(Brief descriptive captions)
==============================

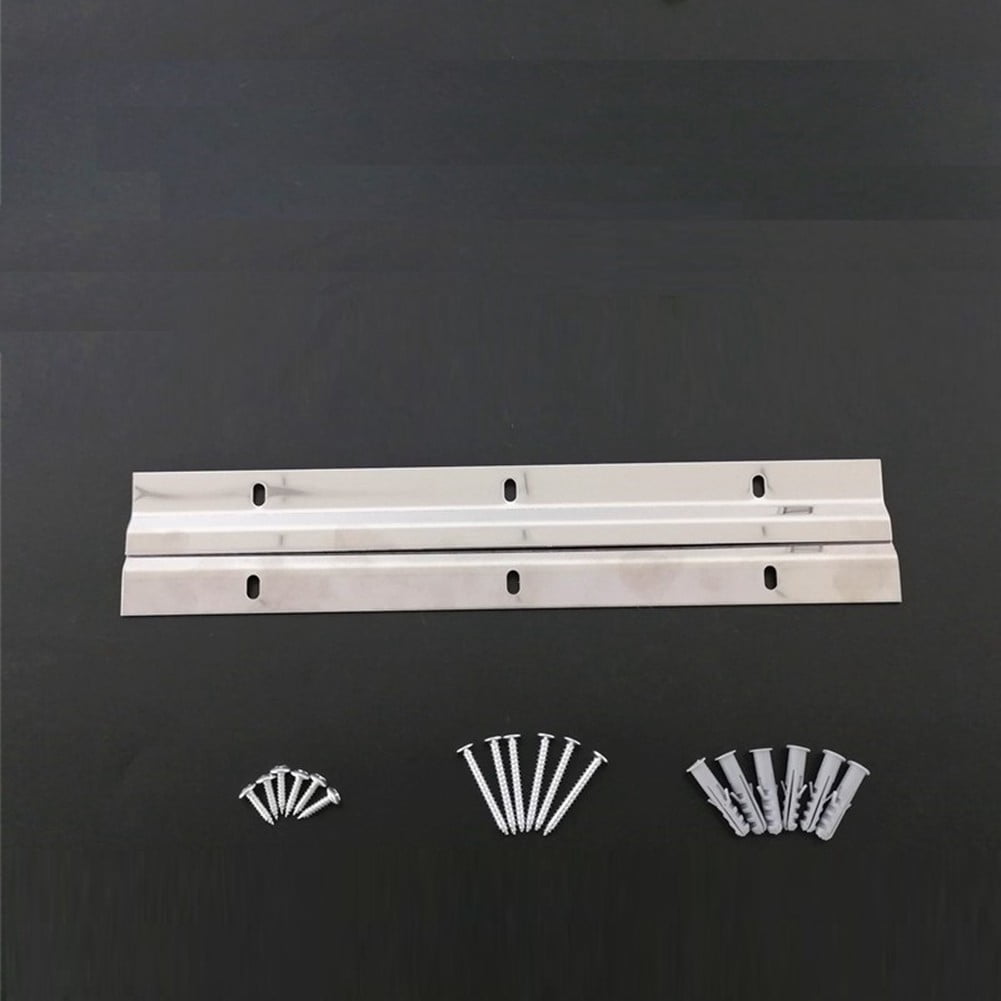 2Pcs Z-Clamps For Hanging Frame Hooks Hanging Rail For Pictures Artwork Frame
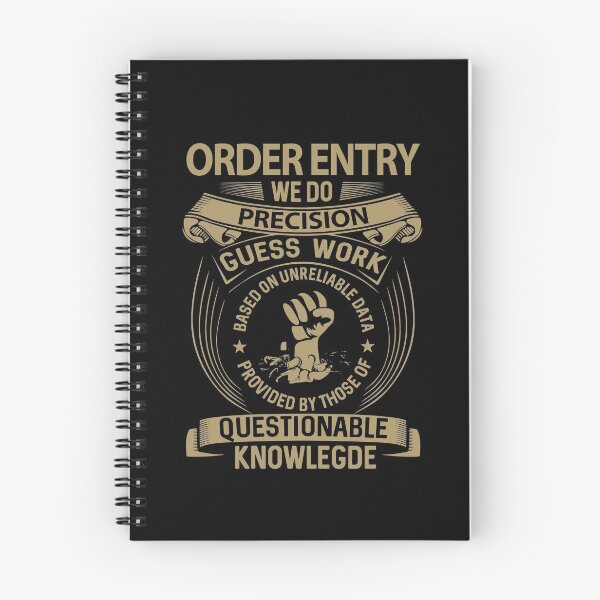 Item preview, Order Entry T Shirt - We Do Precision Gift Item Tee designed and sold by emorestste.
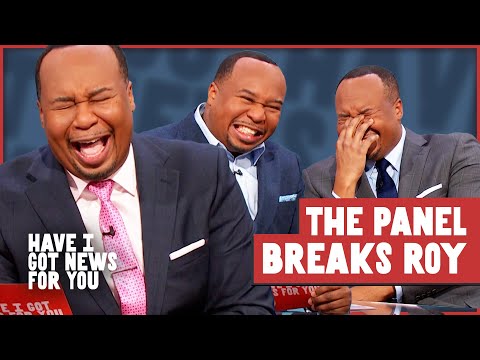 The Times We Broke Roy | Have I Got News for You US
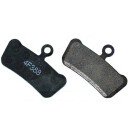SRAM brake pads - G2/GUIDE organic/steel (powerful) Set of 20 pads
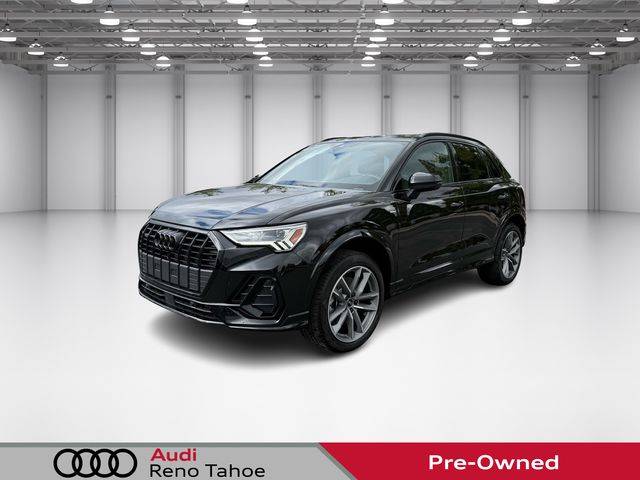 2025 Audi Q3 S line Premium — SUV — 6,853 mi — Reno, NV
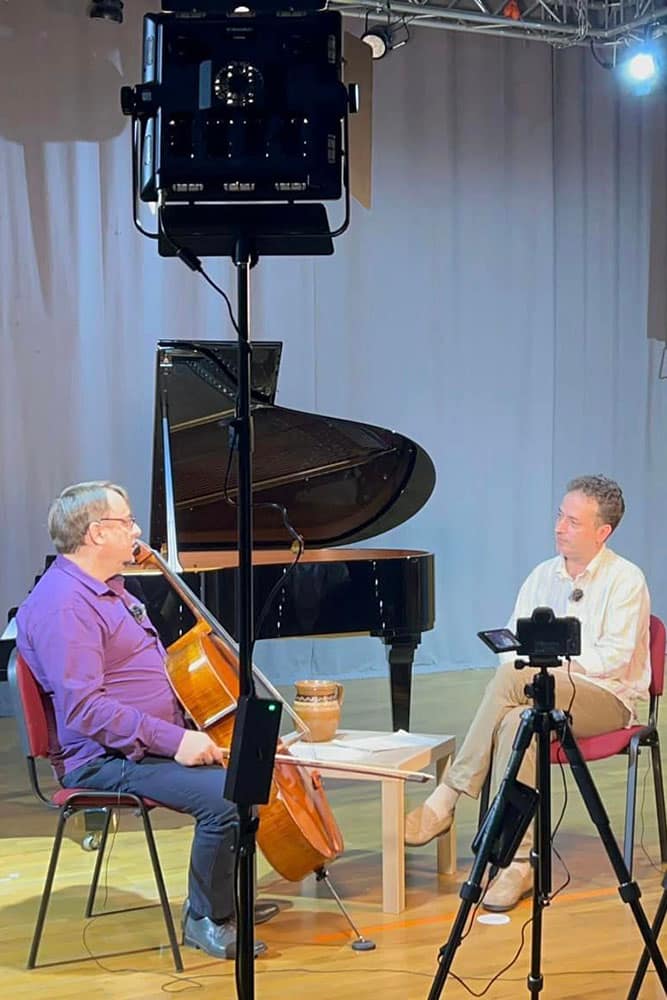 Dialogul Artelor Filmare Podcast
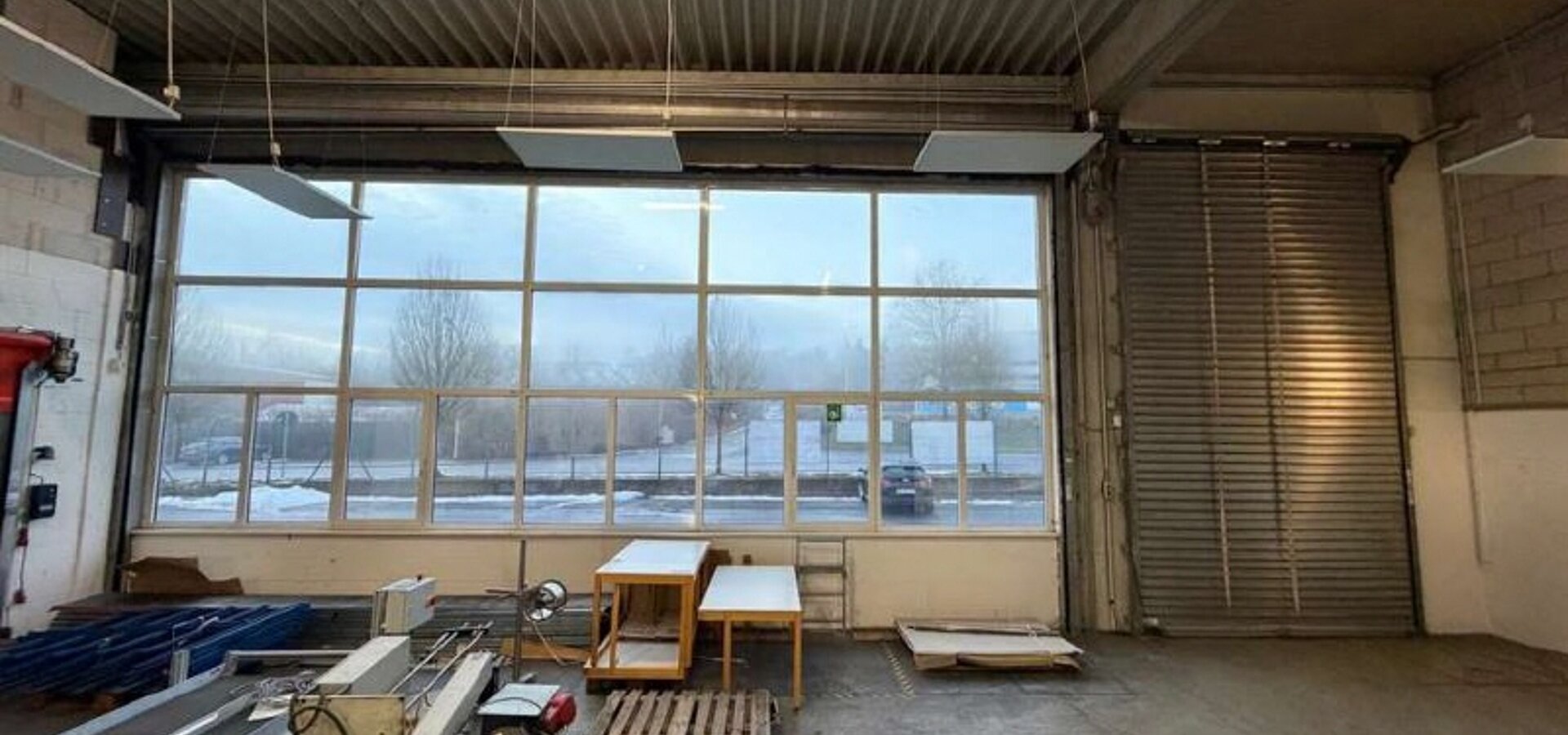 Innenansicht Andienung - Halle 6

==============================

Exercise description => Retype the lines starting with the one that holds "The Times We" and ending with the last line of the data above, both included; skip the pictures.

Exercise output =>
 The Times We Broke Roy | Have I Got News for You US
SRAM brake pads - G2/GUIDE organic/steel (powerful) Set of 20 pads
 2025 Audi Q3 S line Premium — SUV — 6,853 mi — Reno, NV
 Dialogul Artelor Filmare Podcast
 Innenansicht Andienung - Halle 6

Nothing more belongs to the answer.